L’échange entre Ernesto et son maître est assez surréaliste. Le maître tente de comprendre cet enfant borné, qui refuse son savoir, mais il insiste, tente de le découvrir, de creuser la nature profonde de l’enfant. Ce dernier s’amuse, s’oppose, refuse de s’instruire. La phrase principale du livre, celle qui déclenche toute l’histoire, est sans conteste la réponse d’Ernesto à sa mère lorsque celle-ci lui demande pourquoi il refuse de retourner à l’école. « À l’école on m’apprend des choses que je ne sais pas. » Étonnant de la part d’un enfant, mais c’est le point de départ de longues conversations entre adultes sur la nécessité de s’instruire, de progresser dans la vie. Et lorsque les parents demandent au maître si un jour il saura lire, ils reçoivent pour réponse un « Oui » généreux, « Par la force des choses ».

Ce livre a une histoire qui n’est pas commune.

Il ne s’agissait initialement que d’un court texte qui a servi de support à un film de Jean-Marie STRAUB et Danièle HUILLET, un court métrage n’ayant pas eu l’approbation de l’auteure avant sa réalisation. En 1982, Marguerite Duras décida de le reprendre en y ajoutant des souvenirs qu’elle faisait dire à Ernesto, puis lui changea son nom, le passant successivement de « Les enfants d’Israël » à « Les enfants du roi ». Ce nouveau texte fut le point de départ d’un nouveau film, réalisé en 1985 par l’auteure, film qui resta confidentiel et dont la paternité du scénario fut tellement contestée qu’un jugement du tribunal finit par en interdire l’exploitation.

À ce stade, Marguerite Duras avait l’impression d’avoir abandonné ses personnages. Ce sentiment de frustration était d’autant plus important qu’elle avait tourné le film à Vitry, lieu où se déroule l’action du livre, ce qui la rapprochait de ses personnages littéraires. Souhaitant populariser la détresse des laissés-pour-compte de Vitry, elle s’attela à la réécriture d’une version définitive du livre qui aboutit à la publication du roman de 150 pages en 1990. Initialement le titre était « Les ciels d’orage, la pluie d’été » mais elle préféra « Ah ! Ernesto ».

Bien qu’écrit en français, ce livre contient de grande portion d’espagnol, de portugais et même quelques mots n’existant pas, mais qui devraient exister, selon elle.
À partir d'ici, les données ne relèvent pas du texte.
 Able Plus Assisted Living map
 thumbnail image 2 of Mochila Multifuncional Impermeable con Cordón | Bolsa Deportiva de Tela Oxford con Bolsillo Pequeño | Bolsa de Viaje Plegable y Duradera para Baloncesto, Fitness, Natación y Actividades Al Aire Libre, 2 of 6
Ce mélange de langue est à l’image de Vitry, que l’auteure voyait comme la pire des banlieues parisiennes, sales, pauvres, mal conçue. Elle s’y est rendue une bonne quinzaine de fois et à chaque fois, elle s’y est perdue (dixit Marguerite Duras). Dans sa forme, il est écrit sous l’angle de vision d’un enfant, et en ça on y retrouve une ambiance de Lewis Caroll. C’est un roman comique malgré la gravité du sujet, où plutôt il contient des éléments du domaine de l’amusement, de la légèreté. C’est assez inhabituel chez Marguerite Duras.

« La folie d’Ernesto, dans un monde entièrement assujetti à la logique du consensus, réside dans cette liberté débordante, excessive, révolutionnaire dont il voudrait disposer. Dans son refus de toute valeur préétablie, dans sa volonté de détruire et de saboter le savoir – dans son cas le savoir scolaire – pour retrouver en lui l’innocence universelle. » Marguerite Duras

 

Cet article fait suite au spectacle Ah ! Ernesto, créé en 2015 au Théâtre de la Tête Noire et accueilli par la suite au Théâtre Massalia.